# Thread: Are these derivatives correct?

1. ## Are these derivatives correct?

Find the derivative of $(xy+1)^3 = x - y^2 + 8$ using implicit differentiation. Do not simplify.
$(xy+1)^3 = x - y^2 + 8$

$3(xy+1)^2 \cdot (y + x \cdot \frac{dy}{dx}) = 1 - 2y \cdot \frac{dy}{dx}$

$y + x \cdot \frac{dy}{dx} + \frac{2y \cdot \frac{dy}{dx}}{3(xy+1)^2} = \frac {1}{3(xy+1)^2}$

$x \cdot \frac{dy}{dx} + \frac{2y \cdot \frac{dy}{dx}}{3(xy+1)^2} = \frac {1}{3(xy+1)^2} -y$

$\frac{dy}{dx}[x + \frac{2y}{3(xy+1)^2}] = \frac {1}{3(xy+1)^2} -y$

$\frac{dy}{dx} = \frac {\frac {1}{3(xy+1)^2} -y}{x + \frac{2y}{3(xy+1)^2}}$

The question stated not to simplify, so this would be my final answer.

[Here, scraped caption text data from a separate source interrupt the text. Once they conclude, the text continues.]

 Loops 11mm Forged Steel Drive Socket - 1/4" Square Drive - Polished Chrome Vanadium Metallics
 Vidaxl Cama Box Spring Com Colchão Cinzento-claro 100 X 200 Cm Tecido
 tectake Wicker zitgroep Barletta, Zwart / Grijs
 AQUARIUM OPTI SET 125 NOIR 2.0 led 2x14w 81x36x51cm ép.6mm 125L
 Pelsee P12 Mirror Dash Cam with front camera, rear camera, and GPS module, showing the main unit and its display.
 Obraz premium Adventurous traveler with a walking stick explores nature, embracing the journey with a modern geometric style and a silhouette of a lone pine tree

Find the derivative of $\sin(xy) + x = e^y$ using implicit differentiation. Do not simplify.
$\sin(xy) + x = e^y$

$\cos(xy) \cdot (y + x \cdot \frac{dy}{dx}) + 1 = e^y \cdot \frac{dy}{dx}$

$\cos(xy) \cdot (y + x \cdot \frac{dy}{dx}) - e^y \cdot \frac{dy}{dx} = -1$

$x \cdot \frac{dy}{dx} - \frac{e^y \cdot \frac{dy}{dx}}{\cos(xy)} = \frac{-1}{\cos(xy)} - y$

$\frac{dy}{dx}[x - \frac{e^y}{\cos(xy)}] = \frac{-1}{\cos(xy)} - y$

$\frac{dy}{dx} = \frac{\frac{-1}{\cos(xy)} - y}{[x - \frac{e^y}{\cos(xy)}]}$

I opted to not use logarithmic differentiation for some reason. Is this solution still valid?

Thanks a lot!

2. ## Re: Are these derivatives correct?

They look fine to me.

I don't think that logarithmic differentiation would have helped .

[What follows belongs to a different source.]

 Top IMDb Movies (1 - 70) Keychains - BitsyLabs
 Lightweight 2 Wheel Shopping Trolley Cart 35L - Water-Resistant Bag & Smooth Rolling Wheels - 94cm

3. ## Re: Are these derivatives correct?

Thanks for the response!

The other people in my class that I talked to said that they used logarithmic differention; I haven't tried it yet with this one yet.

Though, as long as they're correct, that's all that matters at the moment.